SFTTrainer checkpointing

Hey I’m trying to finetune Llama 2 and I can’t see where the checkpoints are getting saved. I am using the following code:

base_model_name = "meta-llama/Llama-2-7b-hf"

bnb_config = BitsAndBytesConfig(
    load_in_4bit=True,
    bnb_4bit_quant_type="nf4",
    bnb_4bit_compute_dtype=torch.float16,
)

device_map = "auto"

base_model = AutoModelForCausalLM.from_pretrained(
    base_model_name,
    quantization_config=bnb_config,
    device_map=device_map,
    trust_remote_code=True,
    use_auth_token=True
)
base_model.config.use_cache = False

# More info: https://github.com/huggingface/transformers/pull/24906
base_model.config.pretraining_tp = 1 

peft_config = LoraConfig(
    lora_alpha=16,
    lora_dropout=0.1,
    r=64,
    bias="none",
    task_type="CAUSAL_LM",
)

tokenizer = AutoTokenizer.from_pretrained(base_model_name, trust_remote_code=True)
tokenizer.pad_token = tokenizer.eos_token

output_dir = "./Llama-2-7b-hf-qlora"

training_args = TrainingArguments(
    output_dir=output_dir,
    per_device_train_batch_size=4,
    gradient_accumulation_steps=4,
    learning_rate=2e-4,
    logging_steps=5,
    max_steps=400,
    evaluation_strategy="steps", # Evaluate the model every logging step
    logging_dir="./logs",        # Directory for storing logs
    save_strategy="steps",       # Save the model checkpoint every logging step
    eval_steps=5,               # Evaluate and save checkpoints every 10 steps
    do_eval=True                 # Perform evaluation at the end of training
)
class PeftSavingCallback(TrainerCallback):
    def on_save(self, args, state, control, **kwargs):
        checkpoint_path = os.path.join(args.output_dir, f"checkpoint-{state.global_step}")
        kwargs["model"].save_pretrained(checkpoint_path)
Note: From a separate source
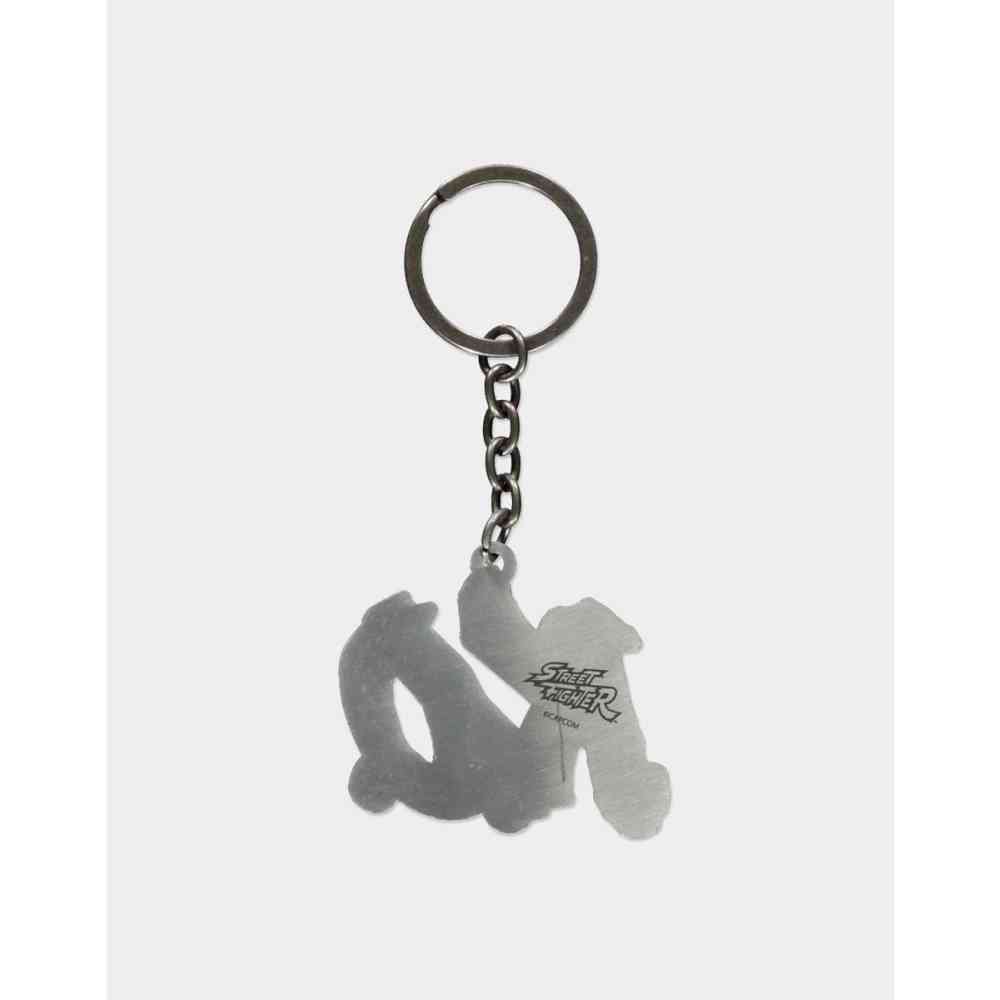 Street Fighter - KO Sleutelhanger - Rood/Zilverkleurig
        if "pytorch_model.bin" in os.listdir(checkpoint_path):
            os.remove(os.path.join(checkpoint_path, "pytorch_model.bin"))


callbacks = [PeftSavingCallback()]
max_seq_length = 512
trainer = SFTTrainer(
    model=base_model,
    train_dataset=train_dataset,
    eval_dataset=eval_dataset,  # Add this line
    peft_config=peft_config,
    dataset_text_field="text",
    max_seq_length=max_seq_length,
    tokenizer=tokenizer,
    args=training_args,
    callbacks=callbacks
)


trainer.train()

(I added in the callback stuff based on this guide Supervised Fine-tuning Trainer)
How do I get a checkpoint saved every 5/10 steps?

Worked this out…Fairly simple in the end: just adding save_steps to TrainingArguments does the trick!

Though you have answered the question, just adding a snippet for sake of completeness.


# Set training parameters
training_arguments = TrainingArguments(
    output_dir=output_dir,
    num_train_epochs=num_train_epochs,
    per_device_train_batch_size=per_device_train_batch_size,
    gradient_accumulation_steps=gradient_accumulation_steps,
    optim=optim,
    save_steps=save_steps,   # saves the model at specified step....
    logging_steps=logging_steps,
    learning_rate=learning_rate,
    weight_decay=weight_decay,
    fp16=fp16,
    bf16=bf16,
    max_grad_norm=max_grad_norm,
    max_steps=max_steps,
    warmup_ratio=warmup_ratio,
    group_by_length=group_by_length,
    lr_scheduler_type=lr_scheduler_type,
    report_to="tensorboard"
)


trainer = SFTTrainer(
    model=model,
    train_dataset=dataset,
    peft_config=peft_config,
    dataset_text_field="text",
    max_seq_length=max_seq_length,
    tokenizer=tokenizer,
    args=training_arguments,
    packing=packing,
)

Are you able to resume training from the checkpoint or able to load the model from checkpoint. I could not do either. I used SFTTrainer? Once the model is trained, I could not find config.json file as well.

do this: trainer.train(resume_from_checkpoint=true)

4 Likes

Thank you. The actual problem was that, I was using an older version of transformer. The problem is solved in the second last release.

Hey, I am trying to run mistral model from checkpoint. But the saving checkpoints are missing a file like pytorch_model.bin.index.json is not saving. Any idea of that?